Some of her friends were getting credit cards, but their parents were co-signing and planned to pay the bills.
After my own credit card experience, I didn’t want to set my daughter up for trouble.
When Should You Get Your First Credit Card?
The first credit card can be a financial education opportunity, but can all too easily backfire.
It may build credit, but parents footing the bill can also build bad habits.
“It’s like saying, even though it’s your credit, I’m being responsible for you,” says Greg Pang, vice president and financial advisor at Capital One Investing.
Students who take on the responsibility of a credit card too soon may exercise poor judgment in spending due to inexperience, have trouble making payments or only be able to make minimum payments.
When you make minimum payments, “you’re not building credit, you’re ruining credit and charges are amassing,” Pang says, emphasizing that to build credit, you have to pay off your credit card bills in full.
Parents can help by educating and guiding their students based on their level of maturity.
But even the most responsible young adults would be wise to hold off on getting a credit card during the first two years of college, recommends Theodore Daniels, founder and president of the Society for Financial Education and Professional Development.
“The first year of college is very tough in terms of getting organized,” Daniels says. “Students should establish a base and not have to worry about the pressure of having to work to pay for a credit card.”
How to Get Your Toes Wet
In the meantime, students can test the financial waters by using a debit card, either prepaid or one tied to a checking account.
If a debit card is tied to a checking account, Pang says parents can help by monitoring their child’s account to see if they’re disciplined enough to keep money in it.
The student will also get budgeting practice, so they don’t overdraw their account.
Pang also recommends parents spend some time explaining how to make a budget. He advises parents to have their child write down every penny they spend for a period of time.
“What most young people do is just go and swipe the card or go to the ATM and pull out cash and they never write it down,” Pang says.
“If you’re not writing it down or monitoring it in any way, you have no way of knowing exactly what you’re spending. The banks try to make things easy, but it also makes it easy to forget our responsibilities.”
It’s easy to overdraw a debit card tied to a checking account, resulting in bank fees that can easily overwhelm a student with limited funds.
For those needing more practice and experience, a prepaid debit card might be a better option. That way, there’s still an opportunity to practice budgeting — but no chance of overdrawing an account and becoming engulfed in fees.

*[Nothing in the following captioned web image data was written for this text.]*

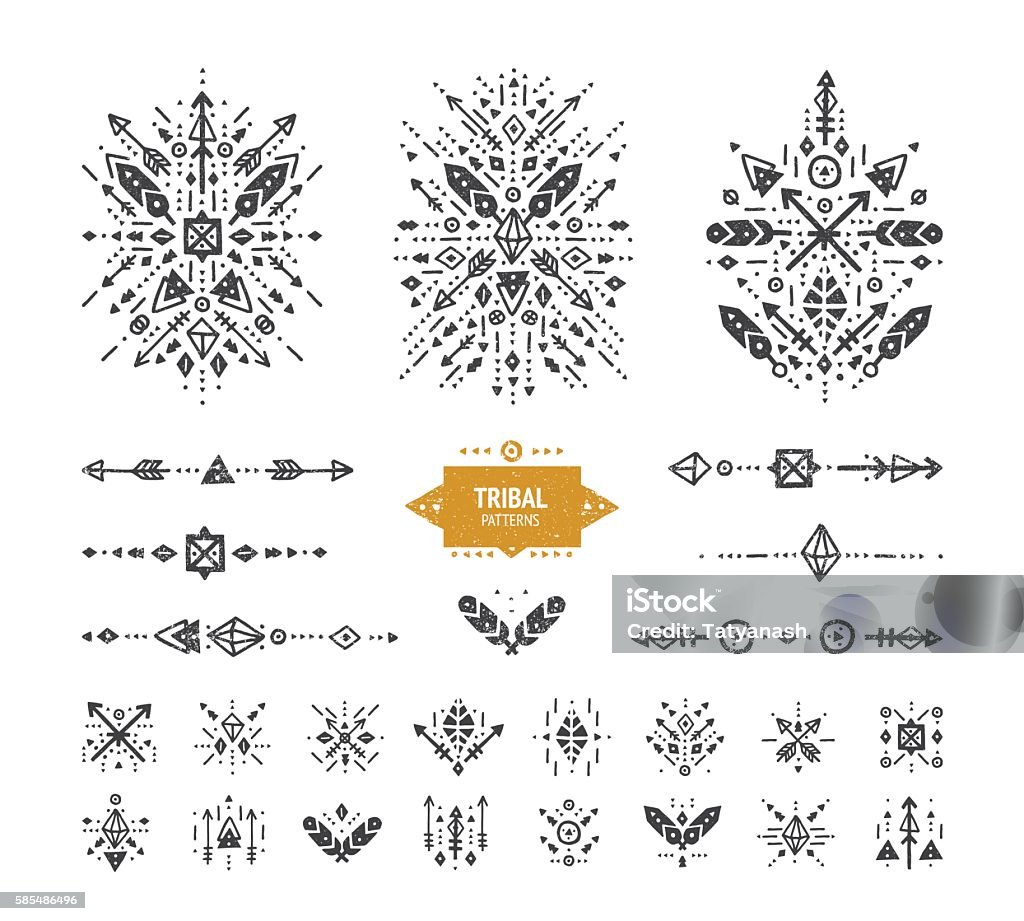 Hand Drawn Boho Patterns With Stroke Stock Illustration - Download ...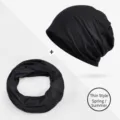 Thin breathable cotton modal beanie hat and matching neck gaiter for spring summer - One Size / Black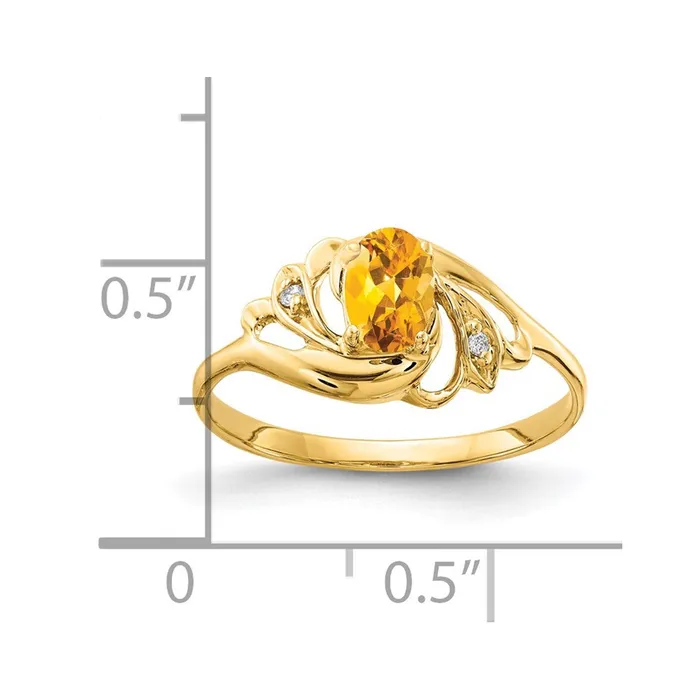 Goldia Rings Solid 14k Yellow Gold 6x4mm Oval Simulated Citrine A CZ Ring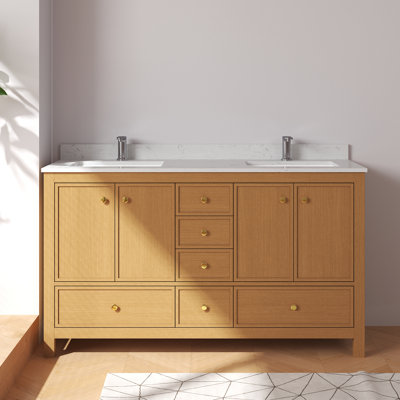 Aura 60'' Double Bathroom Vanity With White Granite Countertop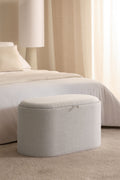 Pouf ovale 70 cm avec plateau et rangement tapissé Berkeleni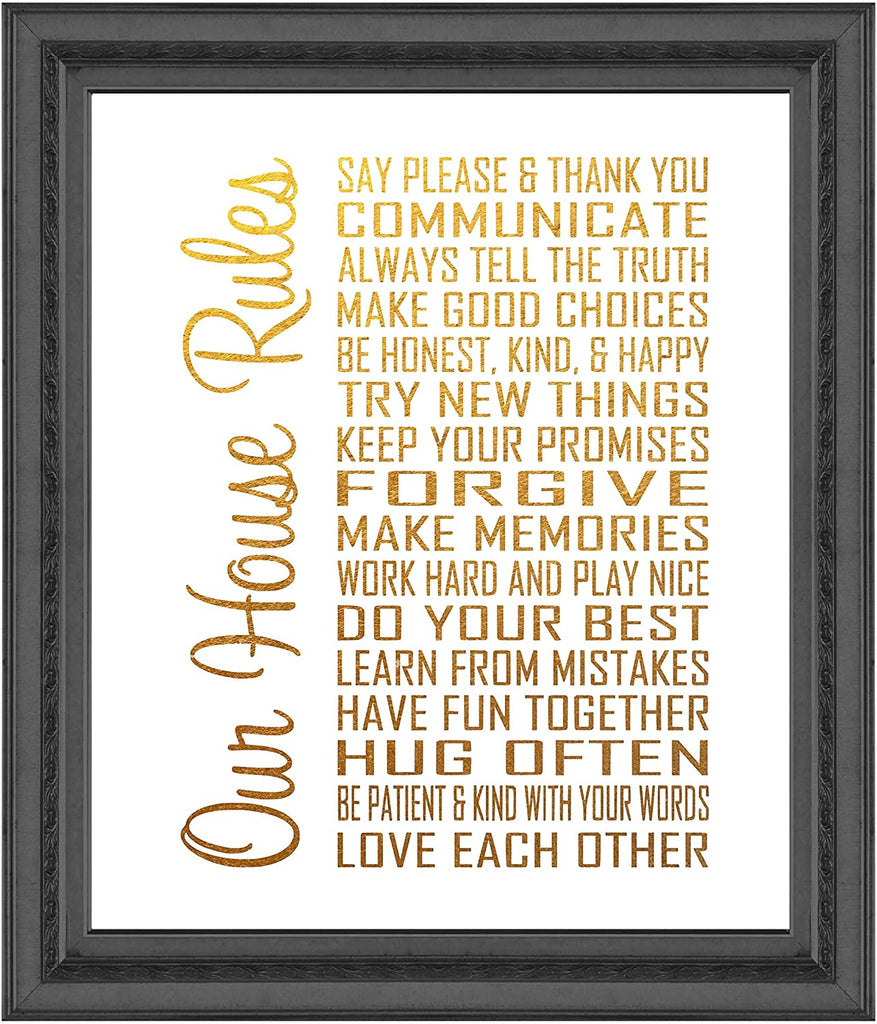 Our House Rules - Beautiful Photo Quality Poster Print - Decorate your home with these beautiful prints for kitchen, bath, family room, housewarming gift Made in the USA (8" x 10", Our House Gold)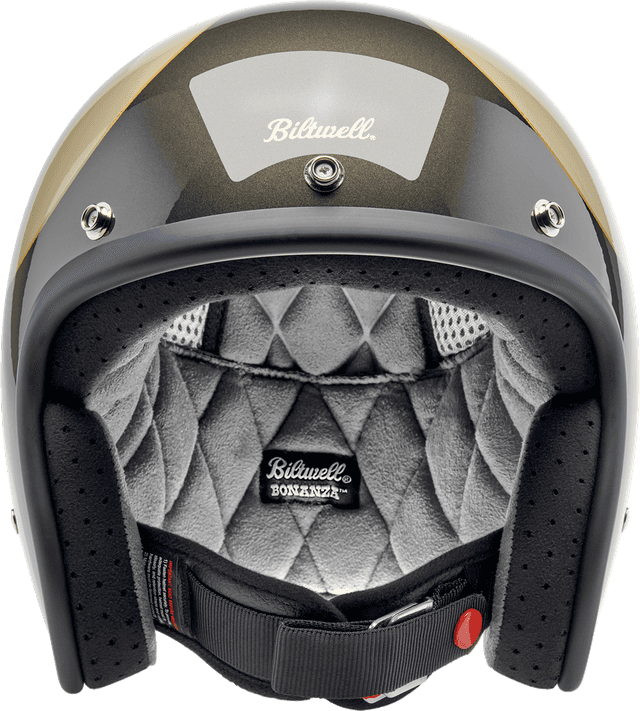 BILTWELL 0104-3541 Bonanza Helmet - Scallop - Metallic Charcoal/Champagne - Small — image 2 of 6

When It’s Time to Get That Credit Card
Daniels says college students should be ready for a credit card by their junior year, and should definitely have one by the second semester of their senior year to build credit.
Once the first credit card is in hand, “use it only for educational purposes and emergencies, not for casual spending, food and entertainment,” Daniels says.

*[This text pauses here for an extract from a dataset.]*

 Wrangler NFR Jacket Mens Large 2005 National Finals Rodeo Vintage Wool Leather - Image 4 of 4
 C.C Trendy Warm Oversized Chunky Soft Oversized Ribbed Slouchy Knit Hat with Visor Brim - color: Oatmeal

“Do not charge more than a third of your credit limit and pay consistently as agreed.”
This ensures a good credit report, which can impact things such as buying a car, interest rates on a mortgage, even applying for a job.

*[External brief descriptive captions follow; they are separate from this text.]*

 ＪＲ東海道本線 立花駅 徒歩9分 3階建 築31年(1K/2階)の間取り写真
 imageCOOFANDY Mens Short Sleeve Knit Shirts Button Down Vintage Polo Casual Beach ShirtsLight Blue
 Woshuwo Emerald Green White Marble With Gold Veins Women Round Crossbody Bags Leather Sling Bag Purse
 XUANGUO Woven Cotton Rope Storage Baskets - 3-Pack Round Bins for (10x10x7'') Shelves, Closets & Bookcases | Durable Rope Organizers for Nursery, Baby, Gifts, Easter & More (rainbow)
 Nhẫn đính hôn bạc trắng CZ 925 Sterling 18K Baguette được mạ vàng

More employers than ever are taking a look at credit reports during the hiring process, even for internships, Daniels says.
“A person’s credit report is an indication of his character and judgement,” Daniels explains. “Do you do what you say you’re going to do? Studies have shown that usually people who have bad credit exercise bad judgement.”
Learning to budget, developing good judgement and responsibly managing credit card debt are all educational opportunities, and parents play a significant role, Pang says.
“A well-educated young adult that spends a lot of time with the parent learning, discovering, realizing, will be successful,” says Pang. “With no education, it’s a rude awakening.”
After telling my daughter about my early experiences with credit, she agreed getting a credit card probably wouldn’t be the best idea right now.
Or so she said.
After she came home for Christmas break, a credit card statement arrived at my house in her name. She succumbed to an offer to “save 10% with a new account” with a store credit card — the kind I’ve learned to avoid.
But her balance is zero, and she told me she doesn’t plan to use the card much.
I’m ready to do my job of encouraging self-control, good sense and reminding her that mama won’t pay the bill.
You Turn: When did you get your first credit card? Will you encourage your kids to wait to sign up for theirs?
Robin DeRosa is a freelance writer in Northern Virginia who is responsible for the financial education of three teenagers, one a college freshman.